Continuò a guardarmi, concentrato, poi senza sciogliere la sua espressione corrucciata:  - Ma tu chi sei? –
Rimasi pietrificato dalla sua serietà. Claudine, che stava uscendo, lo sentì e tornò indietro sbuffando.
- Sei troppo presuntuoso se credi di poter fare invecchiare in una notte un uomo che è rimasto uguale negli ultimi vent’anni! Lui non è me, Colin. –
Claudine scherzava, non aveva visto la sua espressione. Ma noi non ci spostammo di un millimetro, lui ancora concentrato su di me, io con un bisogno improvviso di vomitare.  I suoi occhi.
- Ma guarda, c’è Jared –
Colin la interruppe, sempre fissandomi, ora con sguardo estremamente confuso: - Io veramente non riesco…ti ho visto da qualche parte, ma non so chi sei. –
Non riuscivo a reagire in nessun modo, a parlare, a muovere un muscolo. Sentii Claudine avvicinarsi dietro di me.
- Che giorno è oggi, Colin? – gli chiese con tono grave, adesso.
Colin spostò lo sguardo in avanti, verso di lei. – Uhm…Il 14 luglio? – tornò su di me.

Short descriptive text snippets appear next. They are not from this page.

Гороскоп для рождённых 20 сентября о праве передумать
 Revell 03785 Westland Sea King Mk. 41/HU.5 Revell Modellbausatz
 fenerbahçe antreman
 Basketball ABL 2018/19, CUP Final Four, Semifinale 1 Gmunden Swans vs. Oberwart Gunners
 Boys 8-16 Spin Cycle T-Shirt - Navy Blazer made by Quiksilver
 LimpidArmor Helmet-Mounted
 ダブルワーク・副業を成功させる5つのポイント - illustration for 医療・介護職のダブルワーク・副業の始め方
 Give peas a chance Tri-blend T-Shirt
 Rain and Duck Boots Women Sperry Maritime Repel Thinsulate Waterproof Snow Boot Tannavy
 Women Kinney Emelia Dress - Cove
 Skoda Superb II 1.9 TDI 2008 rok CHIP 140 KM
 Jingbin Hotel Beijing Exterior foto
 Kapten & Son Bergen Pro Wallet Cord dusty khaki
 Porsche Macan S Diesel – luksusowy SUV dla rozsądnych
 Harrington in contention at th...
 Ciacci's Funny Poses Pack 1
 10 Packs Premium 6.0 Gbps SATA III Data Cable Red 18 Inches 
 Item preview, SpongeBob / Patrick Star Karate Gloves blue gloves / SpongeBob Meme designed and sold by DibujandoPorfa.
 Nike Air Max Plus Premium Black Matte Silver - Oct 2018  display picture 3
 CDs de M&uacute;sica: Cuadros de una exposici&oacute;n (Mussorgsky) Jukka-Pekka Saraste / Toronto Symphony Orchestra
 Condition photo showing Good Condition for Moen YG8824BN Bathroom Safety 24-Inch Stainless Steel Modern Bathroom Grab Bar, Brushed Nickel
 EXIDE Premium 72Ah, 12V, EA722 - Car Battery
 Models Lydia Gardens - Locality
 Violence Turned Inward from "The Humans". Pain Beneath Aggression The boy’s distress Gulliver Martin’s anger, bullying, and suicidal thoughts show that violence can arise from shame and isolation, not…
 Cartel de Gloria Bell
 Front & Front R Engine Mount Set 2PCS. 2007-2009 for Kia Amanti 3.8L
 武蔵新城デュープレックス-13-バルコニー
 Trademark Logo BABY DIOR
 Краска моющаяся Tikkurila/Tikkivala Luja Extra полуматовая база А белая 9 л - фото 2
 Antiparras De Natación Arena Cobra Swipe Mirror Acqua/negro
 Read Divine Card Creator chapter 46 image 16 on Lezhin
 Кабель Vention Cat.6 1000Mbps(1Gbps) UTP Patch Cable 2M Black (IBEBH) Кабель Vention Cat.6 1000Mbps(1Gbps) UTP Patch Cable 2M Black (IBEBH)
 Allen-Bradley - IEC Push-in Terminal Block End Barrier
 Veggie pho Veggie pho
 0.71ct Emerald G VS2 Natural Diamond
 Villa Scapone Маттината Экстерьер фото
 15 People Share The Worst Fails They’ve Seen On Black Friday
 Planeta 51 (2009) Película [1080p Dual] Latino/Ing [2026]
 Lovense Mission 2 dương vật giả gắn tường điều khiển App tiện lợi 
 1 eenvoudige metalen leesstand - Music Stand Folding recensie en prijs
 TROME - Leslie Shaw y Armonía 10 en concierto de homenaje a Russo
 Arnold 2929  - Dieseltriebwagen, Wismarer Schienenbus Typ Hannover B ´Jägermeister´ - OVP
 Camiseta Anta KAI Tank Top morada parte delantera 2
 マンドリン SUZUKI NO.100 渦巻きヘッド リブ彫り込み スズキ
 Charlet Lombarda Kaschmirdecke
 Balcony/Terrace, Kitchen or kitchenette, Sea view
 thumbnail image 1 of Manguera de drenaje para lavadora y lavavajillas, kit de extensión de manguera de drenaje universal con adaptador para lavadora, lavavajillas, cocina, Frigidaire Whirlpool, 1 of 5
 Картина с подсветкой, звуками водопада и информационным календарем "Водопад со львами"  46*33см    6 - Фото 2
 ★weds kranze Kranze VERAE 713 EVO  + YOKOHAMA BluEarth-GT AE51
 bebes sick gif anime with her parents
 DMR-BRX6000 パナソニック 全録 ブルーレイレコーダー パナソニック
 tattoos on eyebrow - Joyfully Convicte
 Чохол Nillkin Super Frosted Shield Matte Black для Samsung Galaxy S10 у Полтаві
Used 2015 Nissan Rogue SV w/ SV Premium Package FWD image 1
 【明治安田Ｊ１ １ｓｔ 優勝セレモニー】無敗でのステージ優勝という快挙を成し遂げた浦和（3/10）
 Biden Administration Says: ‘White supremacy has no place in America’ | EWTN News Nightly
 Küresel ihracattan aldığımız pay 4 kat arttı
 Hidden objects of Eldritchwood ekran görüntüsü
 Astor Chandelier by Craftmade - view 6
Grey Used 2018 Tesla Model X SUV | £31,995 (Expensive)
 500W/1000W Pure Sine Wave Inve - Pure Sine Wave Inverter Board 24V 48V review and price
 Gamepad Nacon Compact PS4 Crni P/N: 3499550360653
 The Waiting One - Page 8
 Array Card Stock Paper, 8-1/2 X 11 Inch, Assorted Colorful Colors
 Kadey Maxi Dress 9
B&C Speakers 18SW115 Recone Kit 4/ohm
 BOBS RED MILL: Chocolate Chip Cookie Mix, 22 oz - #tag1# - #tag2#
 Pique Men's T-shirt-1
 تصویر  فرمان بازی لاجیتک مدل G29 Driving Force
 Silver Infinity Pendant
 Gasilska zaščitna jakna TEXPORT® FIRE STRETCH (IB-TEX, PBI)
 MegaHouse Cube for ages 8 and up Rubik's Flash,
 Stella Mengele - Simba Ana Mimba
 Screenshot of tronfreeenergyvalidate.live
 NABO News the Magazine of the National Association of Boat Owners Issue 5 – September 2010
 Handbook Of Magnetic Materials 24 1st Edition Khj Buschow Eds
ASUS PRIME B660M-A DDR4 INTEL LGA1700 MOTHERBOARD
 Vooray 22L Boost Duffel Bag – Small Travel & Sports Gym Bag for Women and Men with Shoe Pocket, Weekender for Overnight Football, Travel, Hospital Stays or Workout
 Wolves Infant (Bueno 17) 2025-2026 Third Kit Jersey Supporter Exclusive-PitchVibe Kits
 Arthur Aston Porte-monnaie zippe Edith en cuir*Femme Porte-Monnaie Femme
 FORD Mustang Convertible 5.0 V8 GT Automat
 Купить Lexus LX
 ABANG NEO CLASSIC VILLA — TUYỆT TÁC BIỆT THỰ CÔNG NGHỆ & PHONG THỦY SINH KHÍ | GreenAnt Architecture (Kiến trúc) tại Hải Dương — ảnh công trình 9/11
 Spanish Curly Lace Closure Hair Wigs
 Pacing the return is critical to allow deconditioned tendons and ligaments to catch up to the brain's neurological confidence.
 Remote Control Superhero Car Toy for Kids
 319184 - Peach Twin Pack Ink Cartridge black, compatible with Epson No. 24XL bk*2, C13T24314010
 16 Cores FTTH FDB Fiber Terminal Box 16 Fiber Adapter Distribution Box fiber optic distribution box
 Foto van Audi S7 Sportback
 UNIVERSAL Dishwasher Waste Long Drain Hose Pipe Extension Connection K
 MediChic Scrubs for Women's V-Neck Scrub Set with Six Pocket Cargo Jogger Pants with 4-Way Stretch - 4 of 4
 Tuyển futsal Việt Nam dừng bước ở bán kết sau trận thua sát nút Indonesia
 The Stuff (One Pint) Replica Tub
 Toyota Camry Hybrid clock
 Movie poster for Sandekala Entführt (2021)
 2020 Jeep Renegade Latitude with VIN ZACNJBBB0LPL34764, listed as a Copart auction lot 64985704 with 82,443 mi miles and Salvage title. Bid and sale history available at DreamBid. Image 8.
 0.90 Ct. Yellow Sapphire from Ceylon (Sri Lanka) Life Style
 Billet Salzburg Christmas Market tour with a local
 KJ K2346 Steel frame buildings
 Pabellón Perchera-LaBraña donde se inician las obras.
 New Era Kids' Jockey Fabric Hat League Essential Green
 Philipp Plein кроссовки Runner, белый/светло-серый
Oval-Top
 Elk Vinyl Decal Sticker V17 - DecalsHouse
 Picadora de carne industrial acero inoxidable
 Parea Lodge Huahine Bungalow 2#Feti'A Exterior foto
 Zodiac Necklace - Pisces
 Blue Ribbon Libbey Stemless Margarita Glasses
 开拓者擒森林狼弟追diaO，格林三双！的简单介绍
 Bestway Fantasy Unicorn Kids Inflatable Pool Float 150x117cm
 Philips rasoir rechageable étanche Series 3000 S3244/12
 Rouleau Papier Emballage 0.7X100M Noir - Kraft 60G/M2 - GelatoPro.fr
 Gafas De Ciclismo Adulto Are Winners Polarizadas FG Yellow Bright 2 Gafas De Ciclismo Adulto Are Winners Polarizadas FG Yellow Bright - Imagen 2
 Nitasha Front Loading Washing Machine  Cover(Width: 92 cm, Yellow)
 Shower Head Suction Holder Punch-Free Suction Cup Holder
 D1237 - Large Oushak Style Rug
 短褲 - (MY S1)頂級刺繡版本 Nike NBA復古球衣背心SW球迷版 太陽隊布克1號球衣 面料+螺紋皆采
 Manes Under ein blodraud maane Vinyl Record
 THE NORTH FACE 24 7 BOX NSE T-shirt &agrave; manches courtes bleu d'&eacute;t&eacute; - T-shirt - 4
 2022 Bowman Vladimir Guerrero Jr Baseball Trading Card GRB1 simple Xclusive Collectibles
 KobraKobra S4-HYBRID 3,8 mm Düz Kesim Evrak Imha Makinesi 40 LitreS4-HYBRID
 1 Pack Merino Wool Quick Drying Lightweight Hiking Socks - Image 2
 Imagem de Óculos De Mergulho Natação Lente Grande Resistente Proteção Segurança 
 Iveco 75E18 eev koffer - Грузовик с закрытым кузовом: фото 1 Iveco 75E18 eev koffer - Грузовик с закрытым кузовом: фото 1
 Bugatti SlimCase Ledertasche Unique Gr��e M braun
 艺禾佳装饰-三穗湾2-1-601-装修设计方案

- Beh, in realtà ormai è il 16, ma –
- Abbiamo lavorato insieme! – la interruppe di nuovo, sorprendendomi. – Abbiamo girato una scena per Joel a New York, con quel freddo disumano. Phone Booth giusto? – mi guardò soddisfatto - Però mi pare che poi l’abbiano tagliata…Non dirmi che l’ho fatto con te l’incidente! –
Colin mi guardava con aspettativa, ora più rilassato. Ero di sasso. Riprese, apostrofando Claudine:
- Sorellina, credevi che mi fossi rimbambito, di’ la verità. Dammi tregua, non è come se non avessi riconosciuto la mamma! Ho ancora del –
- Di che anno? – non so come mi uscì – il 16 luglio di quale anno? –
 Mi guardò stupito. – 2002. Il 16 luglio del 2002. –
In un secondo Claudine fu fuori dalla stanza.